If James Cameron managed to tempt us back in the water, German director Maximilian Erlenwein is determined to reverse that decision. His new film The Dive is a survival thriller that takes the high-pressure situation of being stuck under a rock (127 Hours-style) and adds even more pressure, literally, by placing the action at the bottom of the sea.
When sisters Drew (Sophie Lowe) and May (Louisa Krause) set out on their annual diving trip, curling around cliffs in their rental car, there’s some fraught conversation, the clipped expression of unspoken pain; but more pain lies ahead, and beneath, for both of them. After they’ve plunged into the sea, and swum through a maze of trenches, a landslide bombs the water above them, trapping May under a boulder, leaving the less confident Drew to help her escape.
Cleverly subverts adrenaline-fuelled, frenetic horror tactics, as its characters must slow their breath and relax to survive.
Limited by the oxygen in their tanks, the film cleverly subverts adrenaline-fuelled, frenetic horror tactics, as its characters must slow their breath and relax to survive.
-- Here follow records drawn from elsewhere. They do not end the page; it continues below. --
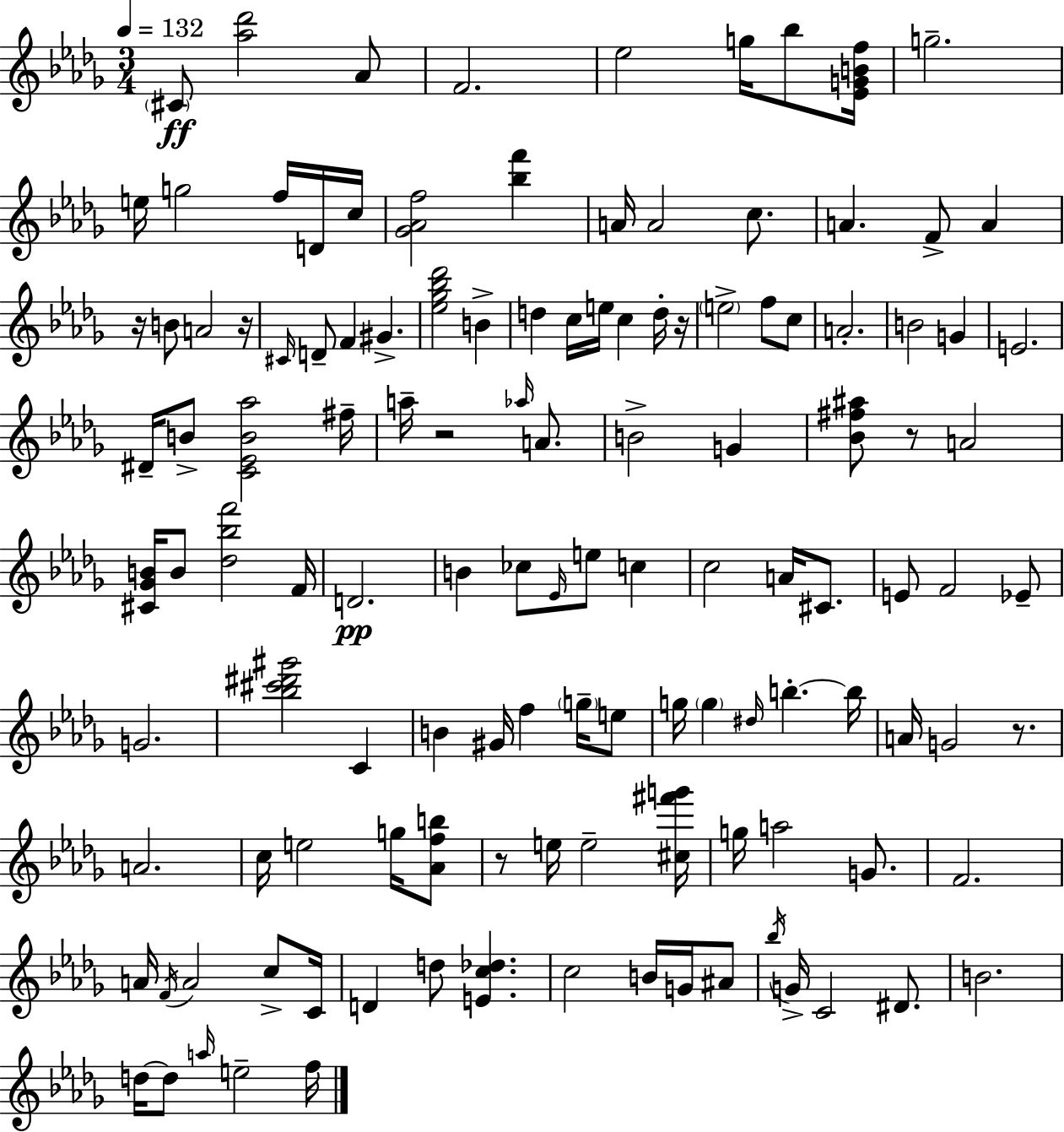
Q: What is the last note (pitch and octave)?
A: F5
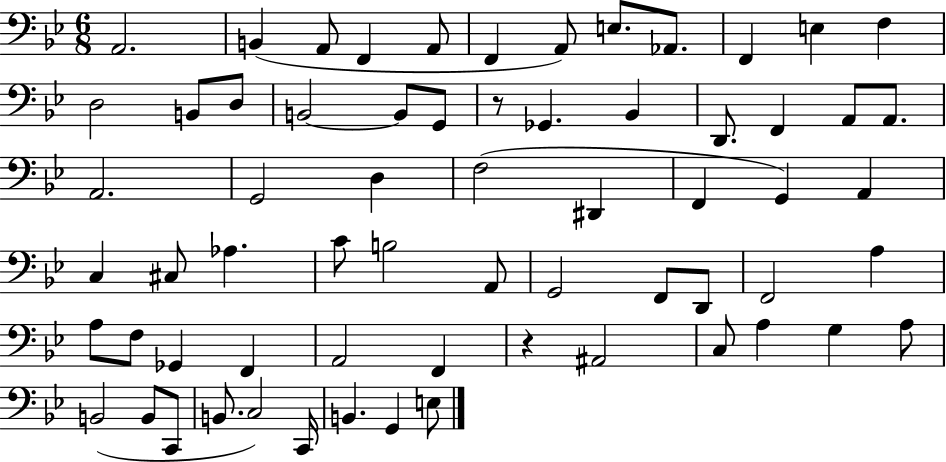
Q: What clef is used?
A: bass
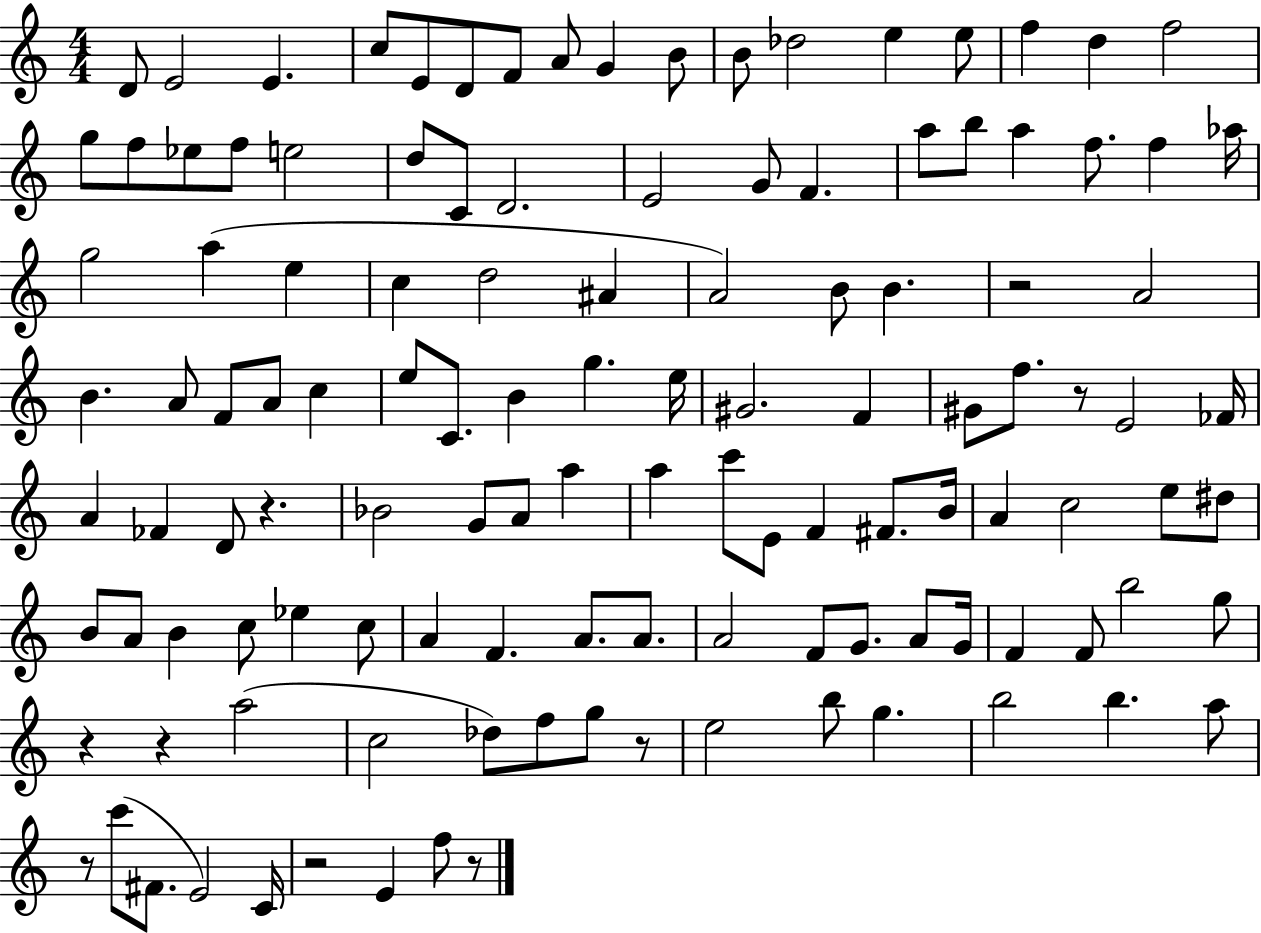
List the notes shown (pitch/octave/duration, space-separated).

D4/e E4/h E4/q. C5/e E4/e D4/e F4/e A4/e G4/q B4/e B4/e Db5/h E5/q E5/e F5/q D5/q F5/h G5/e F5/e Eb5/e F5/e E5/h D5/e C4/e D4/h. E4/h G4/e F4/q. A5/e B5/e A5/q F5/e. F5/q Ab5/s G5/h A5/q E5/q C5/q D5/h A#4/q A4/h B4/e B4/q. R/h A4/h B4/q. A4/e F4/e A4/e C5/q E5/e C4/e. B4/q G5/q. E5/s G#4/h. F4/q G#4/e F5/e. R/e E4/h FES4/s A4/q FES4/q D4/e R/q. Bb4/h G4/e A4/e A5/q A5/q C6/e E4/e F4/q F#4/e. B4/s A4/q C5/h E5/e D#5/e B4/e A4/e B4/q C5/e Eb5/q C5/e A4/q F4/q. A4/e. A4/e. A4/h F4/e G4/e. A4/e G4/s F4/q F4/e B5/h G5/e R/q R/q A5/h C5/h Db5/e F5/e G5/e R/e E5/h B5/e G5/q. B5/h B5/q. A5/e R/e C6/e F#4/e. E4/h C4/s R/h E4/q F5/e R/e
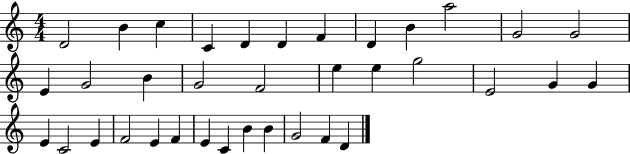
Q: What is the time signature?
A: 4/4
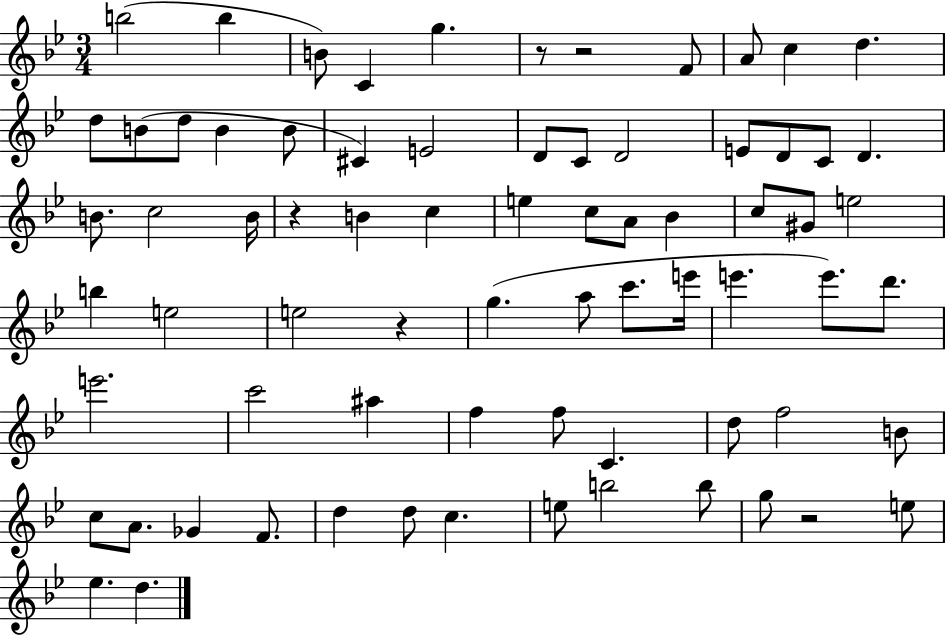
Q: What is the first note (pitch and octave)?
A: B5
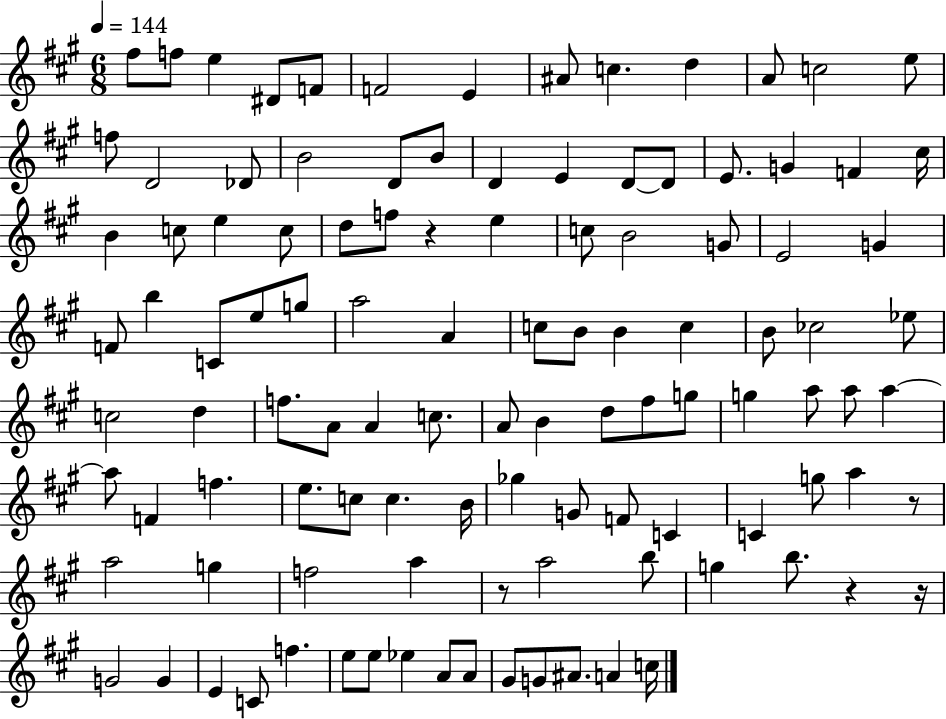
F#5/e F5/e E5/q D#4/e F4/e F4/h E4/q A#4/e C5/q. D5/q A4/e C5/h E5/e F5/e D4/h Db4/e B4/h D4/e B4/e D4/q E4/q D4/e D4/e E4/e. G4/q F4/q C#5/s B4/q C5/e E5/q C5/e D5/e F5/e R/q E5/q C5/e B4/h G4/e E4/h G4/q F4/e B5/q C4/e E5/e G5/e A5/h A4/q C5/e B4/e B4/q C5/q B4/e CES5/h Eb5/e C5/h D5/q F5/e. A4/e A4/q C5/e. A4/e B4/q D5/e F#5/e G5/e G5/q A5/e A5/e A5/q A5/e F4/q F5/q. E5/e. C5/e C5/q. B4/s Gb5/q G4/e F4/e C4/q C4/q G5/e A5/q R/e A5/h G5/q F5/h A5/q R/e A5/h B5/e G5/q B5/e. R/q R/s G4/h G4/q E4/q C4/e F5/q. E5/e E5/e Eb5/q A4/e A4/e G#4/e G4/e A#4/e. A4/q C5/s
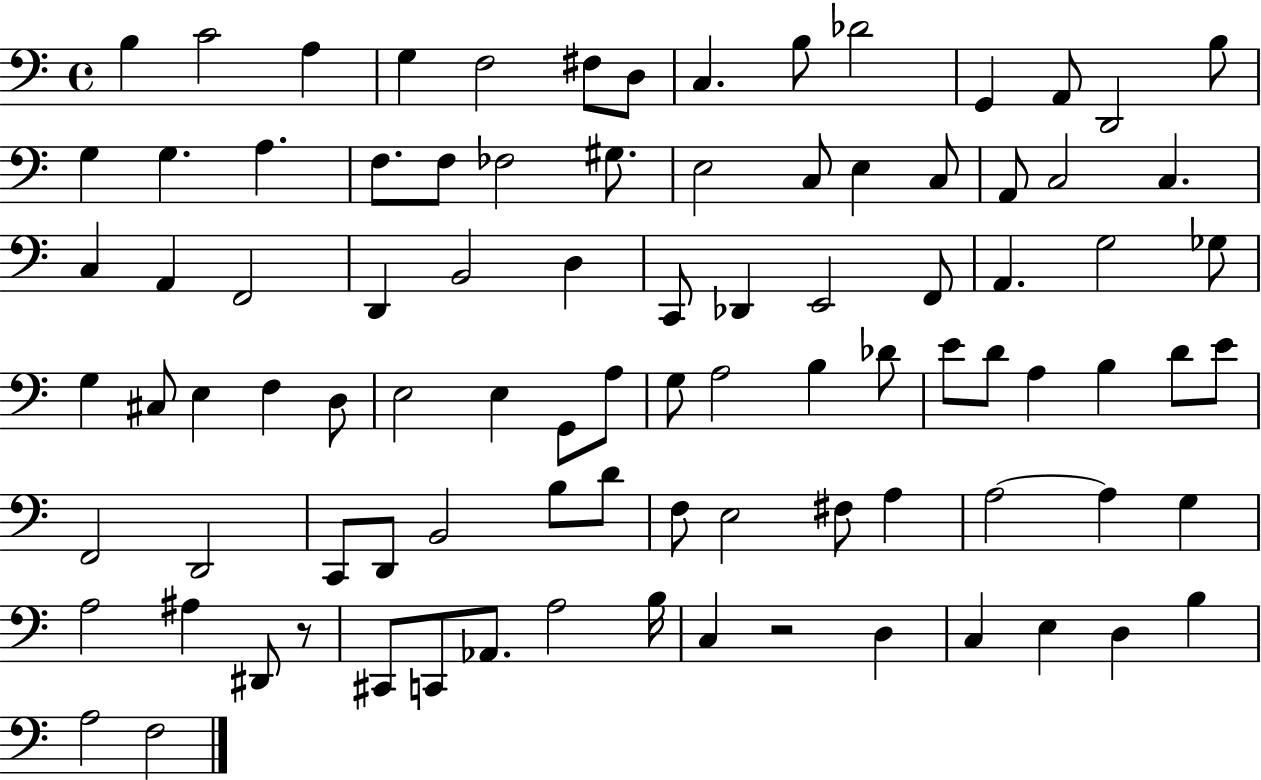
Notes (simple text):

B3/q C4/h A3/q G3/q F3/h F#3/e D3/e C3/q. B3/e Db4/h G2/q A2/e D2/h B3/e G3/q G3/q. A3/q. F3/e. F3/e FES3/h G#3/e. E3/h C3/e E3/q C3/e A2/e C3/h C3/q. C3/q A2/q F2/h D2/q B2/h D3/q C2/e Db2/q E2/h F2/e A2/q. G3/h Gb3/e G3/q C#3/e E3/q F3/q D3/e E3/h E3/q G2/e A3/e G3/e A3/h B3/q Db4/e E4/e D4/e A3/q B3/q D4/e E4/e F2/h D2/h C2/e D2/e B2/h B3/e D4/e F3/e E3/h F#3/e A3/q A3/h A3/q G3/q A3/h A#3/q D#2/e R/e C#2/e C2/e Ab2/e. A3/h B3/s C3/q R/h D3/q C3/q E3/q D3/q B3/q A3/h F3/h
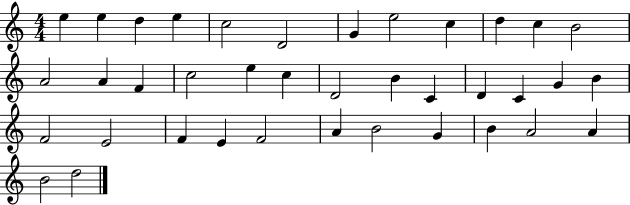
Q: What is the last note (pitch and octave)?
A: D5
Combined with Frank Griebe’s (Cloud Atlas, Run Lola Run) smart, carefully choreographed cinematography, which finds waves of terror and hope in vast darkness and shards of torch light, an elegantly constructed tension emerges in this underwater endurance puzzle.
The Dive does somewhat run out of narrative puff eventually, the lean story being padded out via jarring flashbacks of vague trauma, with lazy dialogue (“Don’t feel guilty” / “I’m not giving up”) stealing from the eerie silence and melodramatic, swelling strings cheapening any glimmer of catharsis. A more confident film, one that’s contained, isolated and terrifying, gets drowned out.